§ WHAT YOU SHOULD DO: With the pictures left out, write out exactly the lines of the listing below that run from the line with "Chicken wraps with" through the line with "Cobalt Blue Fringe".

§ DATA FOR THE TASK:
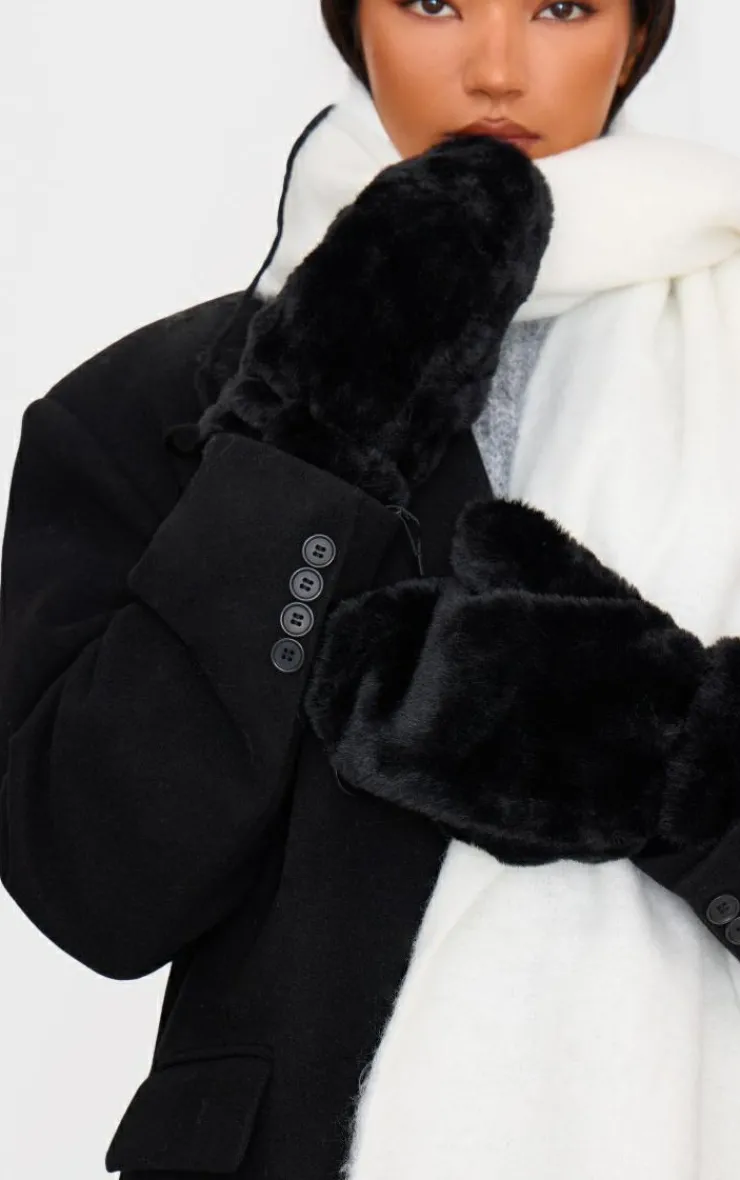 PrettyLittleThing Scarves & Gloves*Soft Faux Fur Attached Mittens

---

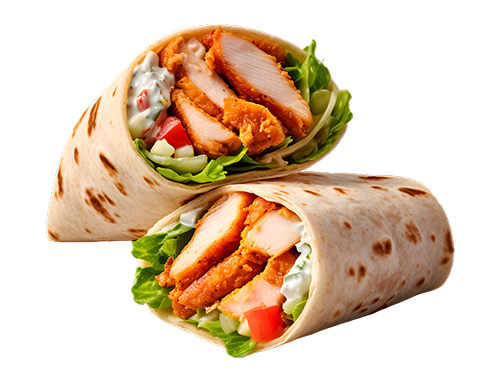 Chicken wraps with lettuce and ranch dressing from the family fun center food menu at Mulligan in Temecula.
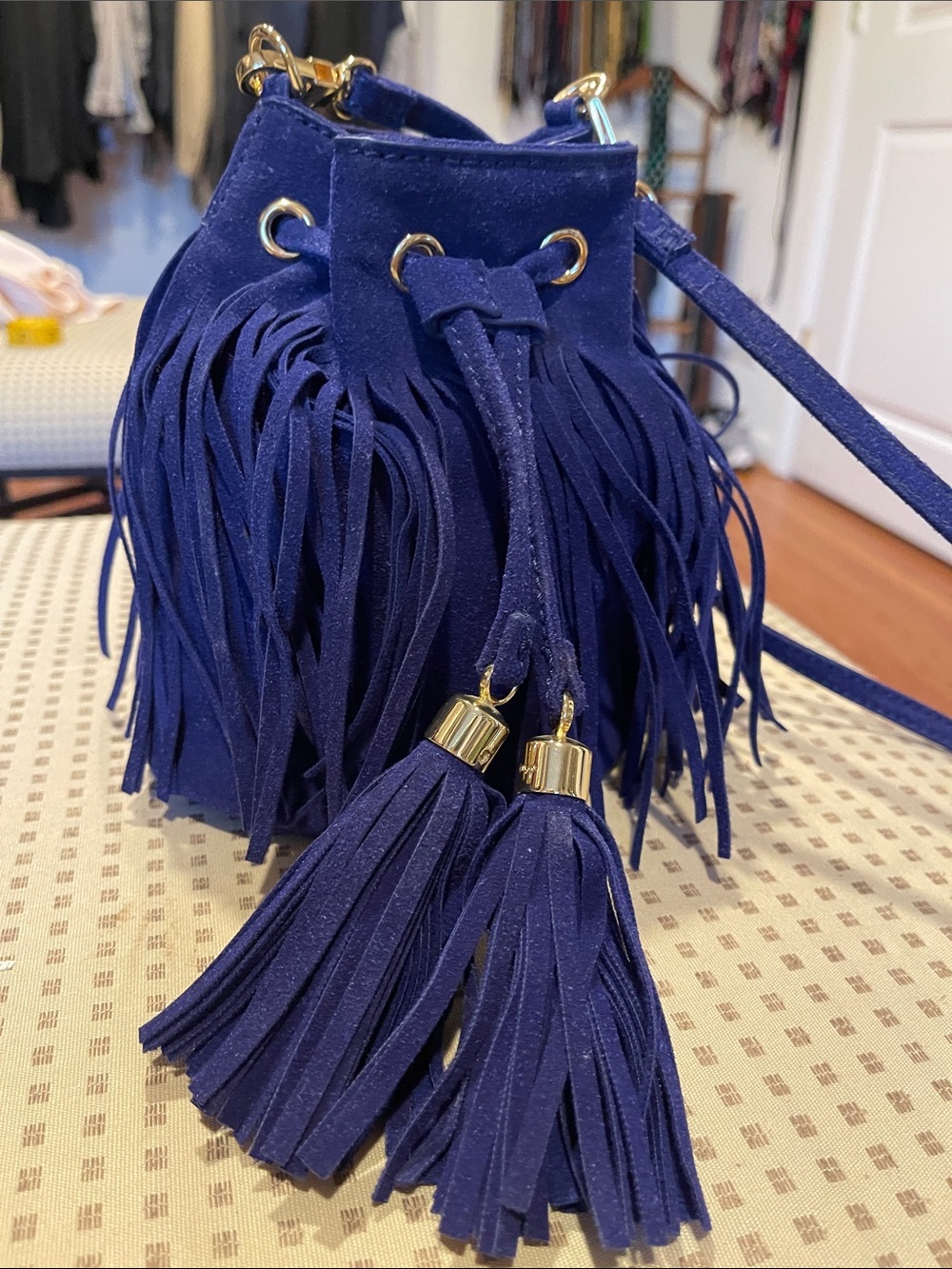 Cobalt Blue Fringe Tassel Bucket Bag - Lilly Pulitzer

§ RESPONSE TO THIS EXERCISE:
 Chicken wraps with lettuce and ranch dressing from the family fun center food menu at Mulligan in Temecula.
 Cobalt Blue Fringe Tassel Bucket Bag - Lilly Pulitzer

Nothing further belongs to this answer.